È giusto invocare la rivolta sociale, ma con quali contenuti, obiettivi e strategia? E chi deve guidarla? Landini non fa nessun riferimento al proletariato, mentre invece è la classe storicamente e naturalmente più interessata a cambiare la società e capace di guidare le masse lavoratrici e popolari a questo obiettivo. Lo ha confermato anche la grande partecipazione e combattività espressa dallo sciopero generale. La forza quindi c'è per rovesciare l'ordine delle cose, ma occorre chiarire se l'obiettivo è quello di mantenere questa forza nella gabbia del parlamentarismo, dell'elettoralismo, del riformismo e della Costituzione borghese, a sostegno di un ipotetico ritorno al governo del “centro-sinistra” o del “campo largo” aventiniani, o se indirizzarla verso la lotta di classe, l'abbattimento del governo neofascista Meloni e l'obiettivo strategico del socialismo e del potere politico del proletariato.

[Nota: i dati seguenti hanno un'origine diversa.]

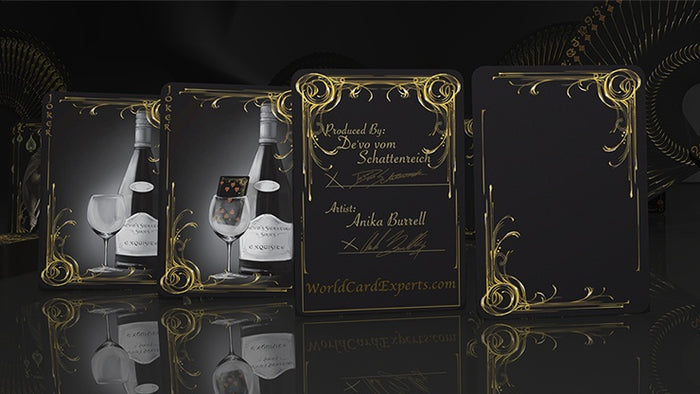 Black Exquisite Special Players Edition Playing Cards by US Playing Card Co.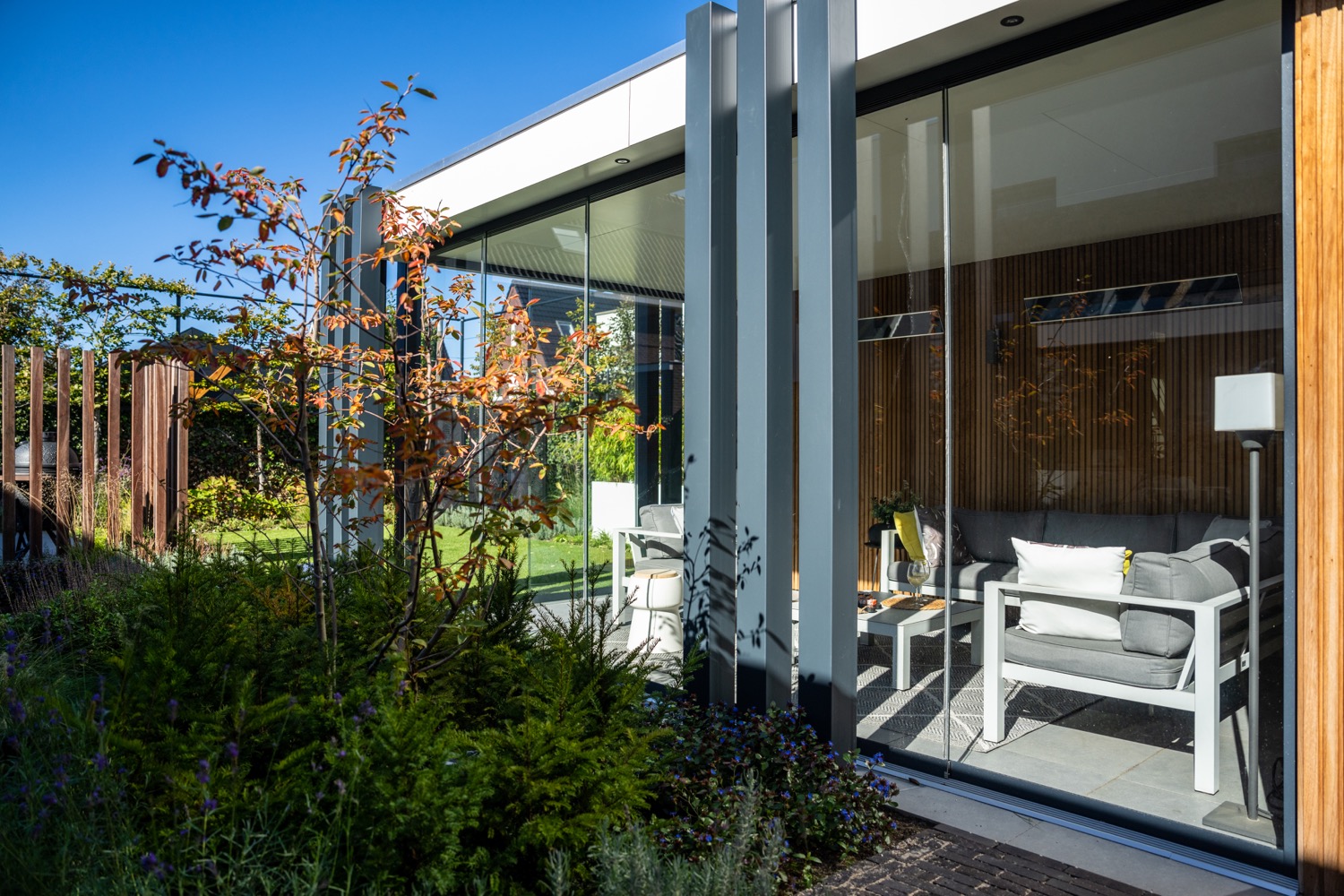 tuinoverkapping met glas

In questo quadro il sindacato dovrebbe farsi carico anche del problema, finora completamente ignorato, del pericolo sempre più incombente di una terza guerra mondiale imperialista a causa dello scontro tra le superpotenze dell'Est e dell'Ovest per l'egemonia mondiale, allarmando e preparando il proletariato, i lavoratori e le masse alla guerra civile se l'ltalia dovesse partecipare alla guerra imperialista.

Aprire una grande discussione sul socialismo
D'altra parte il forte astensionismo di metà dell'elettorato che da tempo caratterizza ogni tornata elettorale, e che nelle recenti consultazioni in una regione storicamente di sinistra come l'Emilia-Romagna è andato addirittura oltre, dimostra che ormai lo scollamento tra le masse popolari e i partiti della destra e della “sinistra” borghesi, il parlamento e le altre istituzioni rappresentative del regime capitalista neofascista, è conclamato. Questo scollamento non è un “voltarsi dall'altra parte”, come sostiene Landini, ma è un'altra manifestazione di quella rabbia e spirito di rivolta che stanno montando nel Paese e che si sono espressi in modo eloquente con la grande partecipazione allo sciopero generale. La rivolta sociale per cambiare la società passa anche dal dare a questo astensionismo di massa una coscienza politica anticapitalista e di lotta per il socialismo.
Nell'“Appello ai democratici e antifascisti” pubblicato sul numero scorso de Il Bolscevico , il PMLI li invita a fare “una riflessione più profonda e più generale su quello che occorre per cambiare radicalmente la società. In questa riflessione perché non valutare la proposta del PMLI del socialismo? Noi siamo pienamente disponibili a discuterne, a confrontarci senza pregiudiziali.
Il problema è: quale classe deve essere al potere, il proletariato o la borghesia?; quale sistema economico, il socialismo o il capitalismo?
Prima o poi tutte le forze democratiche antifasciste e progressiste anche credenti, specie cattoliche e islamiche, non potranno non fare i conti con questo storico e decisivo problema ”.
Occorre comprendere, quindi, che si può rivoltare il Paese come un guanto e cambiare veramente la società a patto che si abbandonino le illusioni elettorali, parlamentari, governative, riformiste, pacifiste e costituzionali, e si metta al centro di questa rivolta la distruzione del capitalismo, la conquista del socialismo e il potere politico del proletariato. Cominciando con l'aprire una grande discussione, anche all'interno del sindacato, per creare un vasto fronte unito per buttare giù al più presto, con la lotta di piazza e lo sciopero generale, il governo neofascista Meloni, che sta infliggendo sempre più gravi danni al popolo e al Paese.